→ What you will do
Give again the lines from the line with "Light and Health" to the last line of the records, exactly and in full. Do not carry over any pictures.

Captioned web image data
● ● ● ● ●
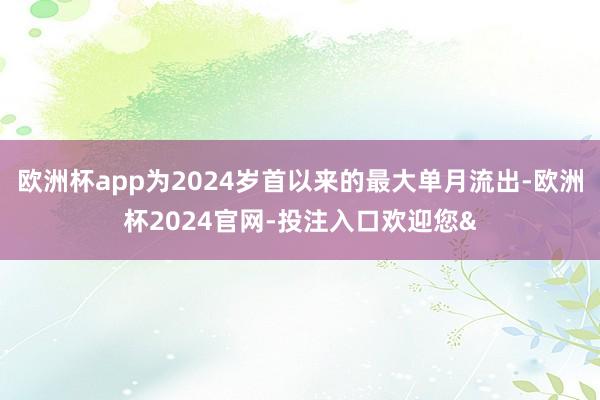 欧洲杯app为2024岁首以来的最大单月流出-欧洲杯2024官网-投注入口欢迎您&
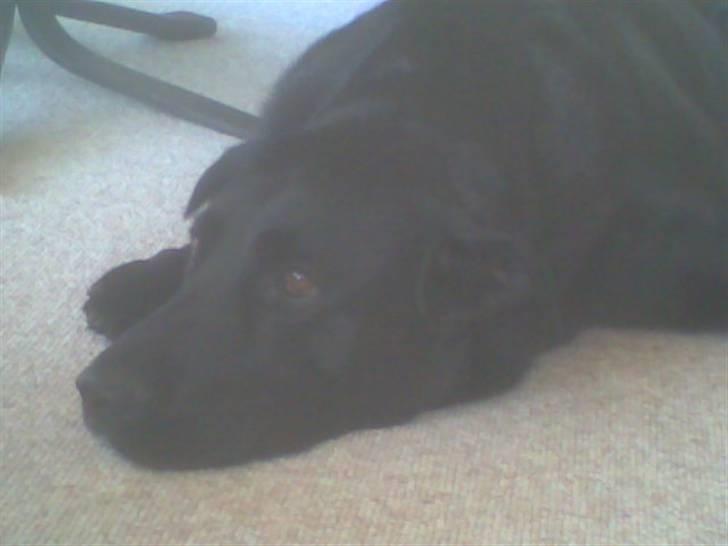 Blanding af racer Basse - Er der virkelig ikke nogen der vil lege med miig??? billede 4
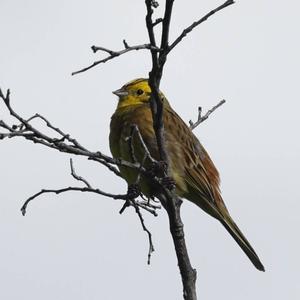 Yellowhammer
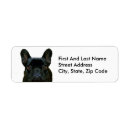 Buscar french bulldog postales Adorable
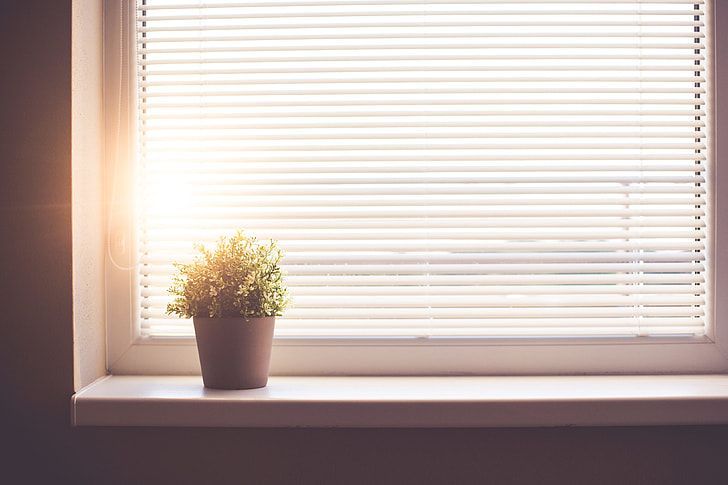 Light and Health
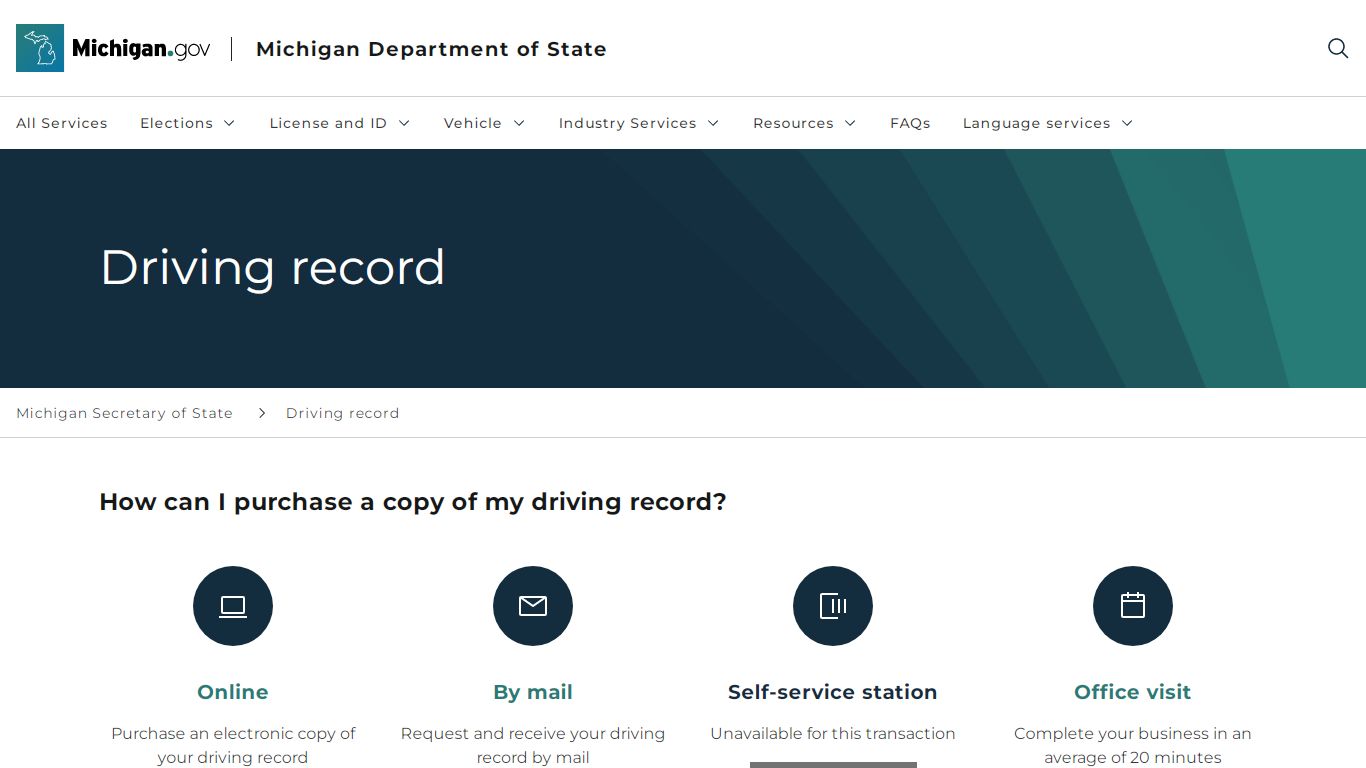 Driving record - Michigan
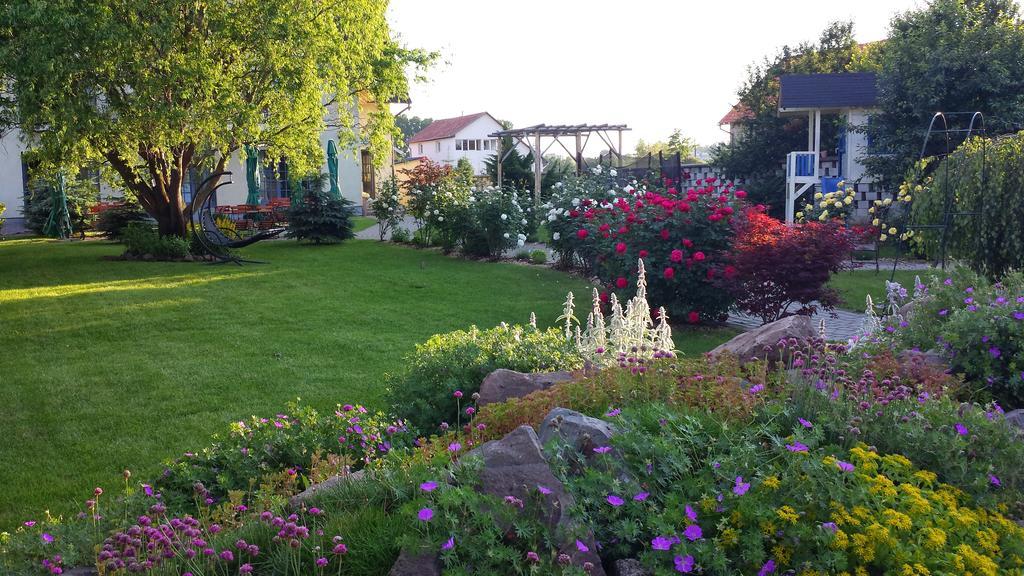 Villa Westfalia Guest House Tîrgu Secuiesc Exteriör bild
● ● ● ● ●
→ Written response
 Light and Health
 Driving record - Michigan
 Villa Westfalia Guest House Tîrgu Secuiesc Exteriör bild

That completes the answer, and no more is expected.